### WHAT IS NEEDED
Leave the pictures out, and transcribe the material below exactly from the line with "Celine Classic Box" to the line with "Volkswagen Atlas 2.0", both lines included.

### AVAILABLE DATA

:::::

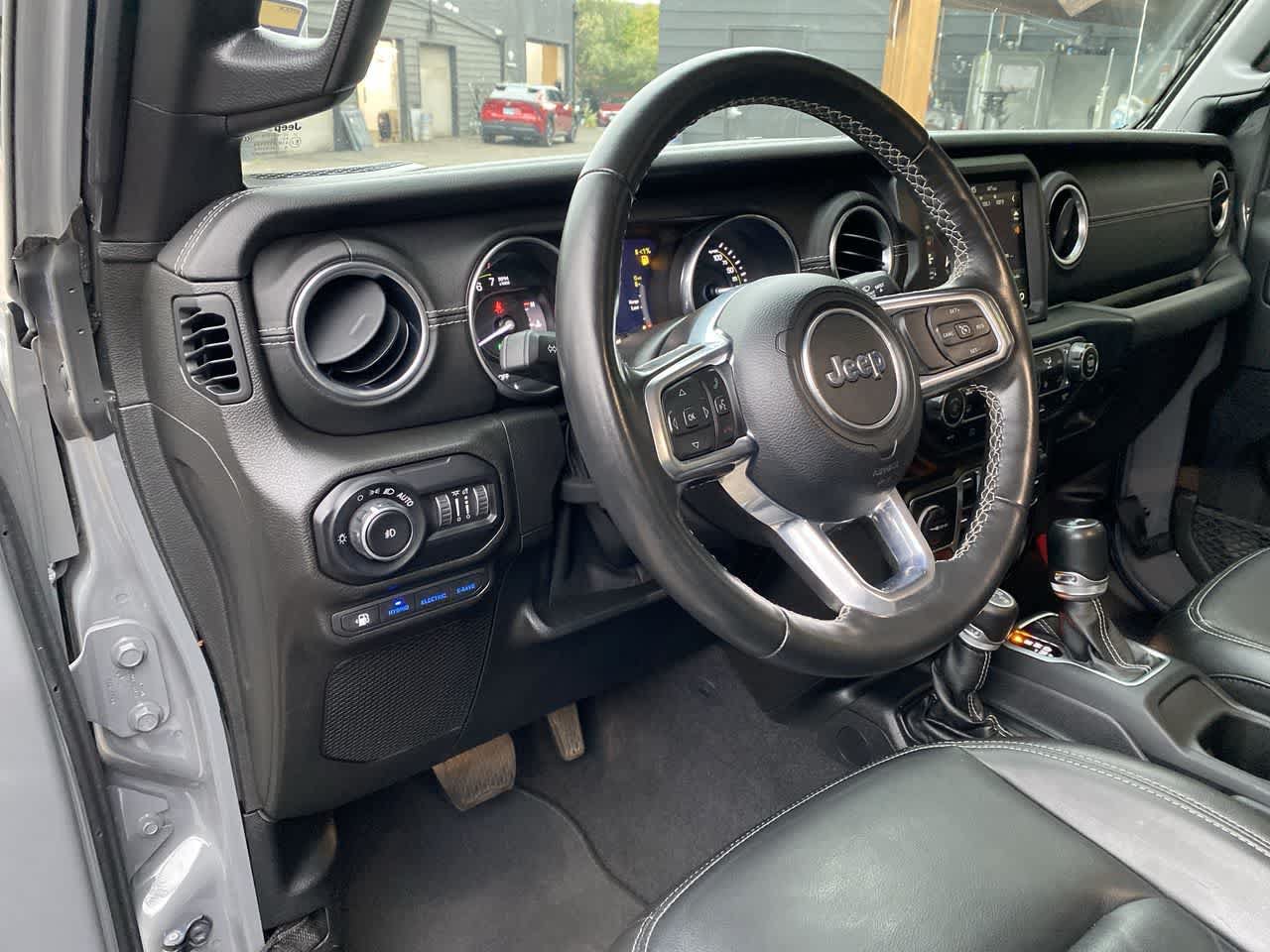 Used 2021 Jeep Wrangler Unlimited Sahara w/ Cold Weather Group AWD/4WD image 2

:::::

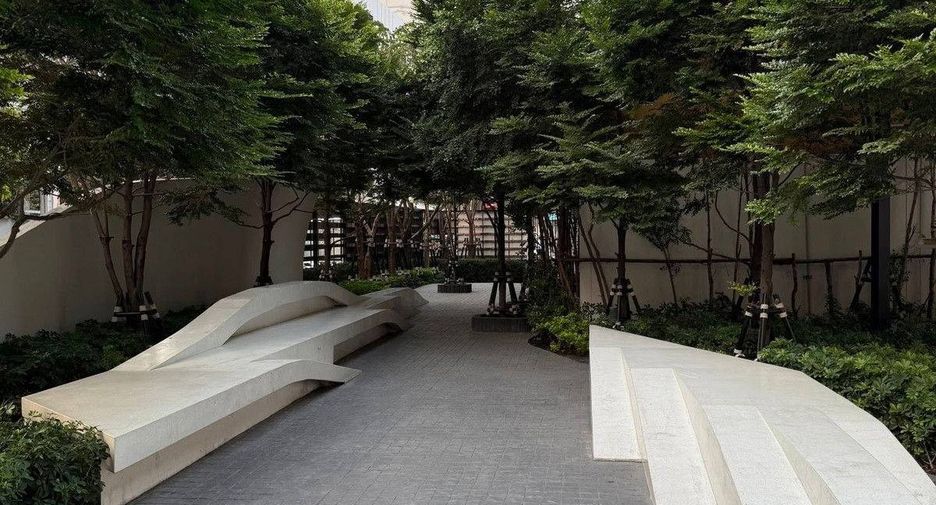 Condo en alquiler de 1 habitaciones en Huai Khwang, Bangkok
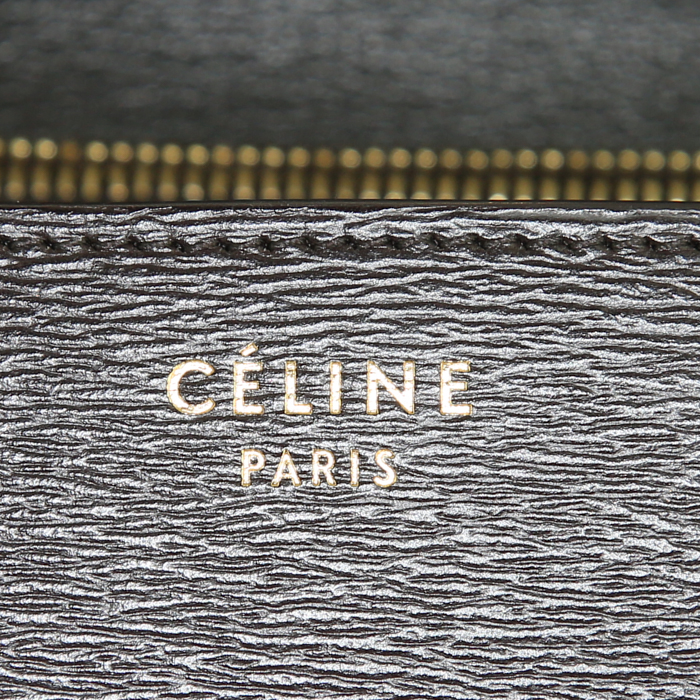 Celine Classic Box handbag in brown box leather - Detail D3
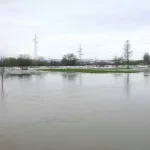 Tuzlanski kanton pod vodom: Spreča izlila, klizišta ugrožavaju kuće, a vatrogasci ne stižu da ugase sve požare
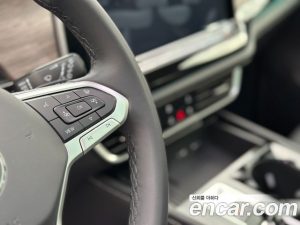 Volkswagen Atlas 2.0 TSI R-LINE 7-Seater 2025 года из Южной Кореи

:::::

### ANSWER TO THIS PROBLEM
 Celine Classic Box handbag in brown box leather - Detail D3
 Tuzlanski kanton pod vodom: Spreča izlila, klizišta ugrožavaju kuće, a vatrogasci ne stižu da ugase sve požare
 Volkswagen Atlas 2.0 TSI R-LINE 7-Seater 2025 года из Южной Кореи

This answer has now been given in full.